Fictief regulier voordeel en drempel
Als je een fictief regulier voordeel over 2023 wilt voorkomen moet je (samen met partner en met verbonden personen voor hun excessieve deel van de schulden boven de drempel) onder de drempel van € 700.000 blijven. De drempel wordt door een amendement[1] voor volgend jaar verlaagd naar € 500.000. Dit amendement is de budgettaire dekking voor het niet afschaffen van de giftenaftrek in de vennootschapsbelasting voor giften onder de € 100.000. Bij dit amendement zit geen ‘overgangsregeling’.
Voorbeeld: een dga leent van zijn bv voor een bedrag van € 1,0 miljoen (geen ews).

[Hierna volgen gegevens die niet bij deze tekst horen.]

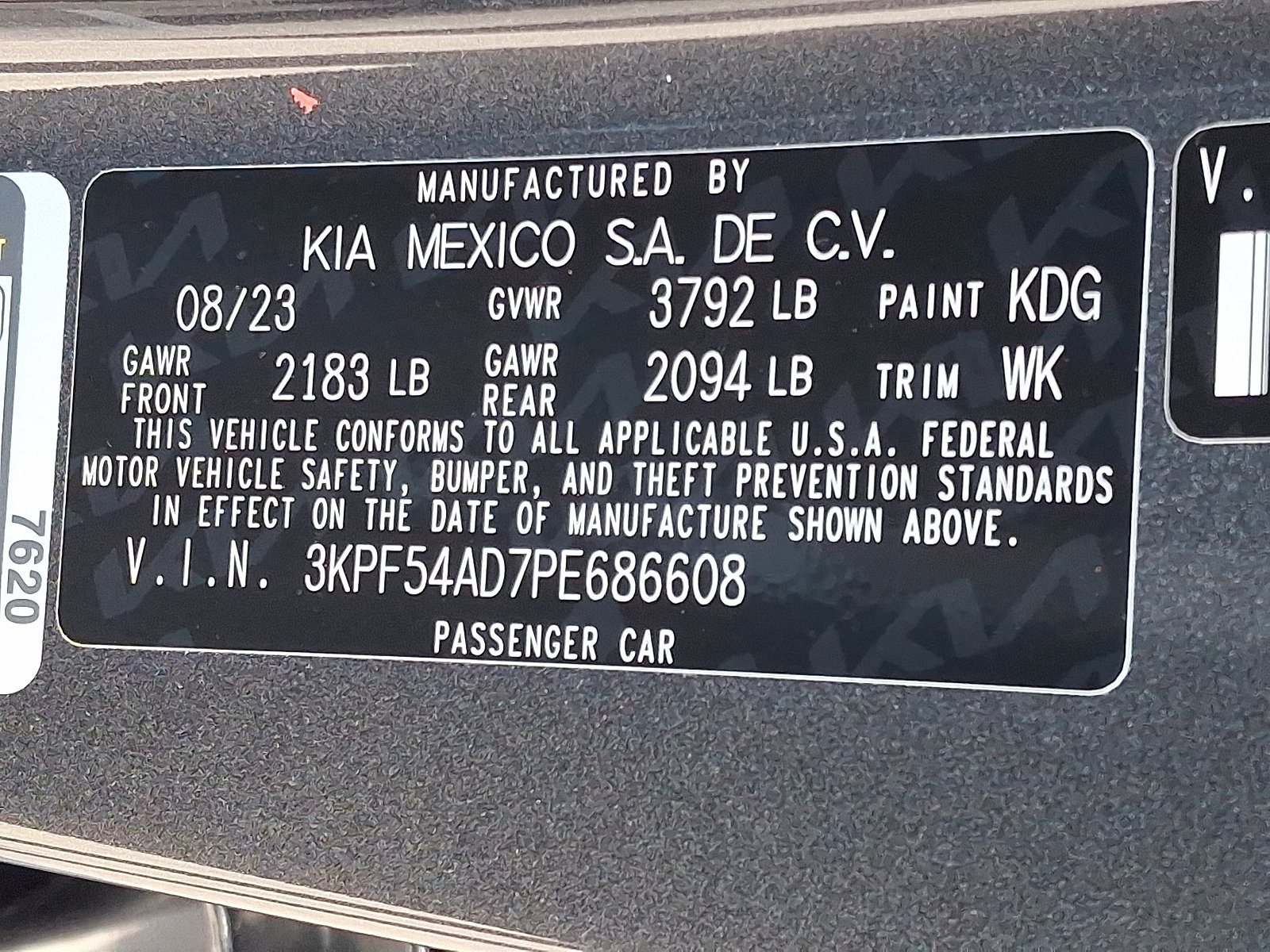 Used 2023 Kia Forte GT-Line w/ GT-Line Technology Package FWD image 27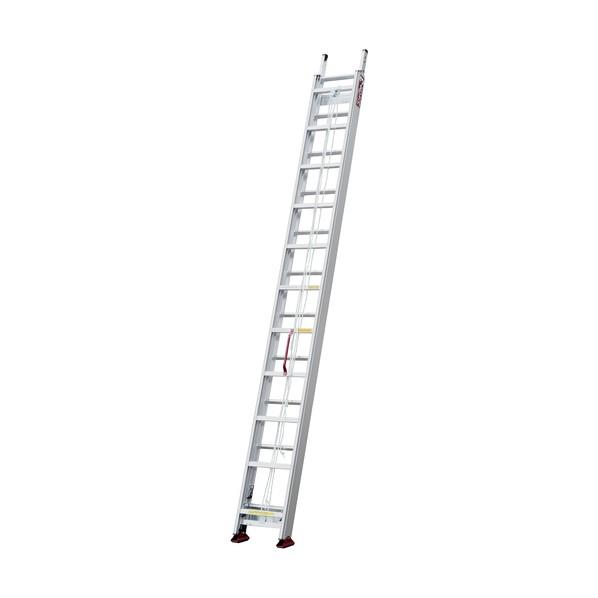 ※法人専用品※ピカ 【車上渡し】3連はしごコンパクト3LNT型10.1m 448 x 4100 x 175 mm LNT-100A 1点
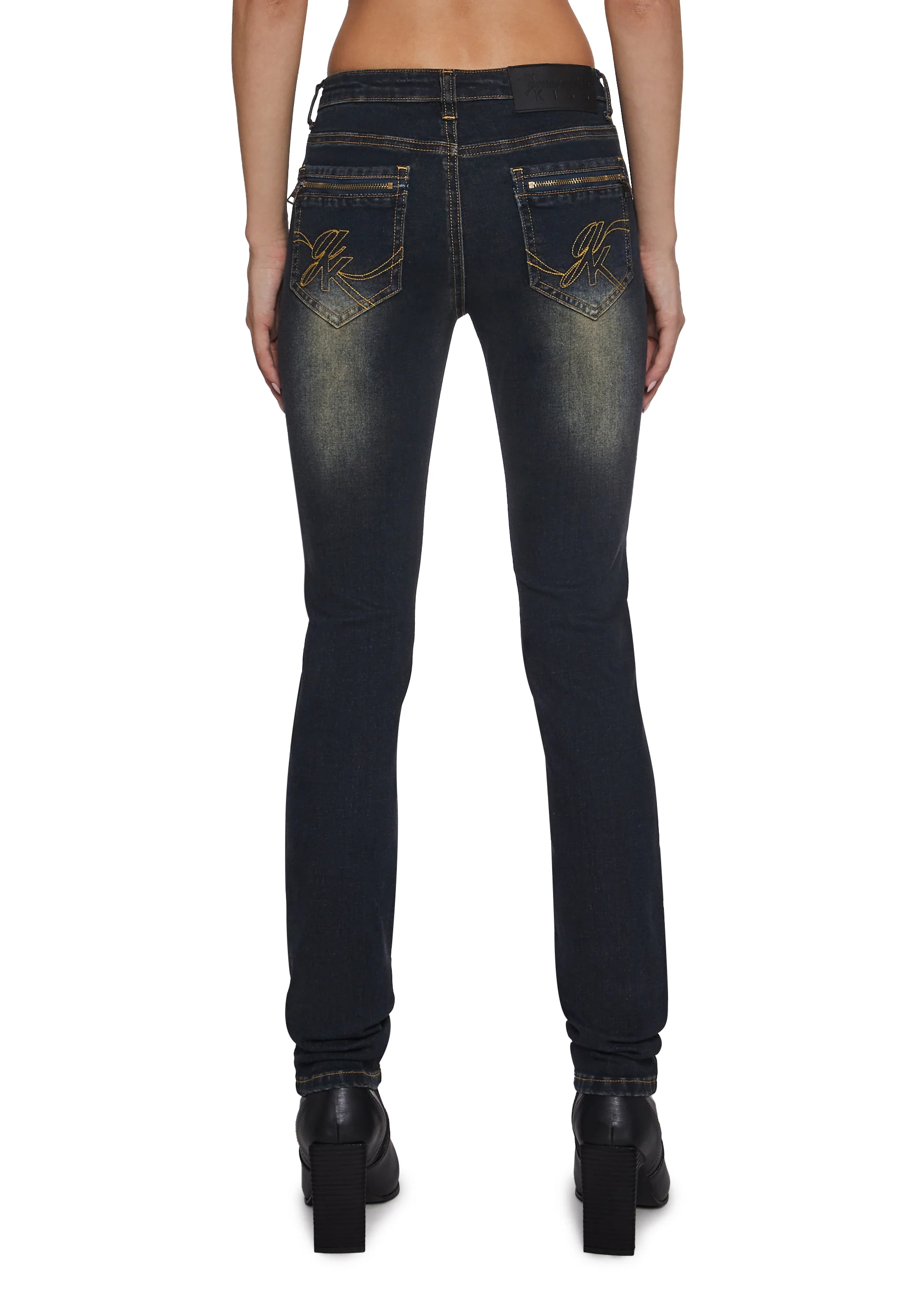 Kaye Washed Skinny Jeans - Image 5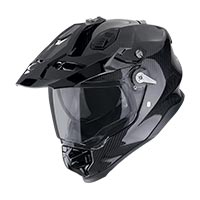 Scorpion Adf-9000 Carbon Air Helmet Black Gloss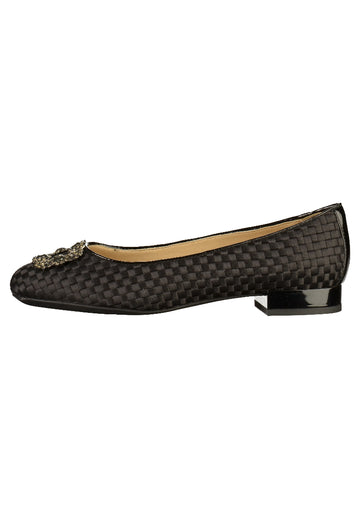 Geox Ballerinas Textil Schwarz - surf4shoes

In 2023 wordt € 300.000 als fictief regulier voordeel belast. Ooit kan voor deze verhoging van de drempel (€ 300.000) ook een negatief fictief regulier voordeel worden ‘verdiend’, bijvoorbeeld als de aanmerkelijk belang aandelen worden verkocht en box 2 wordt verlaten.
Let op 1: als deze dga in 2024 een schuld heeft aan zijn bv, is de drempel het standaardbedrag van € 500.000 (2024) plus € 300.000 (het bedrag dat in 2023 in de heffing is betrokken) en als de schuld aan de bv nog steeds € 1,0 miljoen bedraagt, moet in 2024 over € 200.000 worden betaald.
Let op 2: Je krijgt voor een fictief regulier voordeel geen beschikking; met andere woorden: deze moet je voor je klant zelf gaan ‘bijhouden’ (en weet dan dat er in de toekomst ooit een negatief fictief regulier voordeel tegenover staat).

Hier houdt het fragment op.